**Information provided**
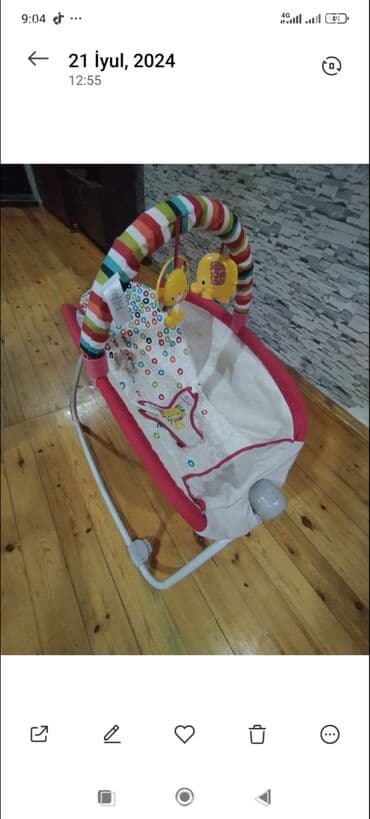 uşaq beşiyleri: Oğlan və qız üçün, Dördbucaq, Beşik, Dəstsiz, Matrassız, Yellənmə mexanizm ilə — 2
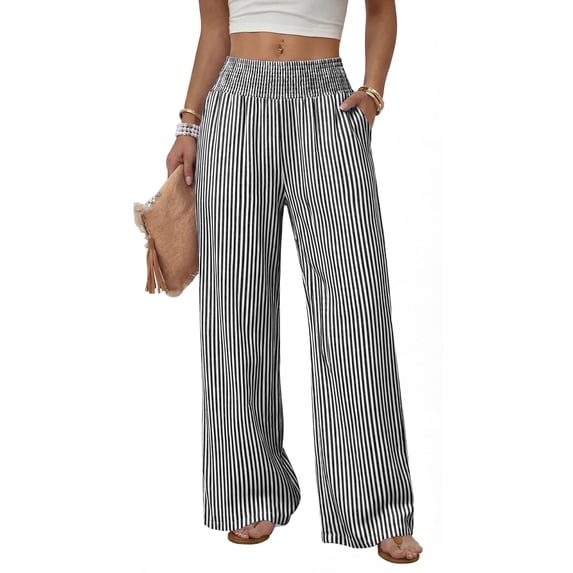 AzureSilk Womens Wide Leg Pants Woman High Waist Trousers with Pockets Casual Lounge Business Pants For Women Trousers Pants, Size S-XL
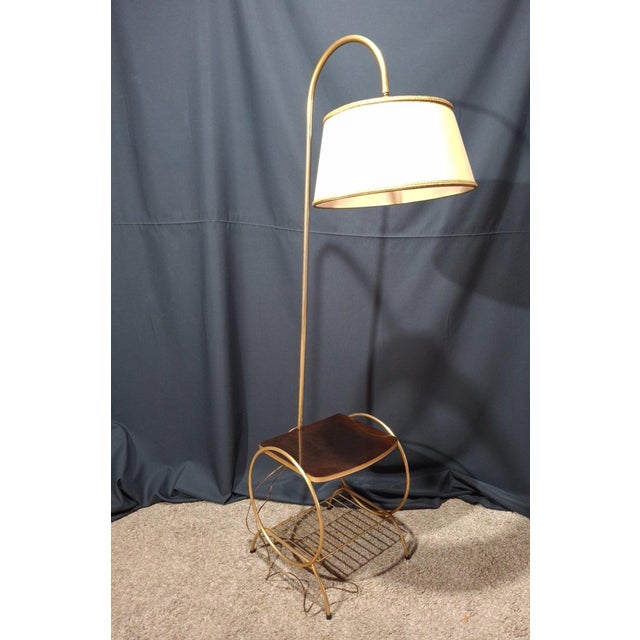 Floor Lamp with Reading Light, 1950s For Sale - Image 9 of 10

**Task goal**
Write out, with no pictures, only the lines from the line containing "AzureSilk Womens Wide" through the last line of the listing above, exactly and with both ends included.

**Task response**
 AzureSilk Womens Wide Leg Pants Woman High Waist Trousers with Pockets Casual Lounge Business Pants For Women Trousers Pants, Size S-XL
 Floor Lamp with Reading Light, 1950s For Sale - Image 9 of 10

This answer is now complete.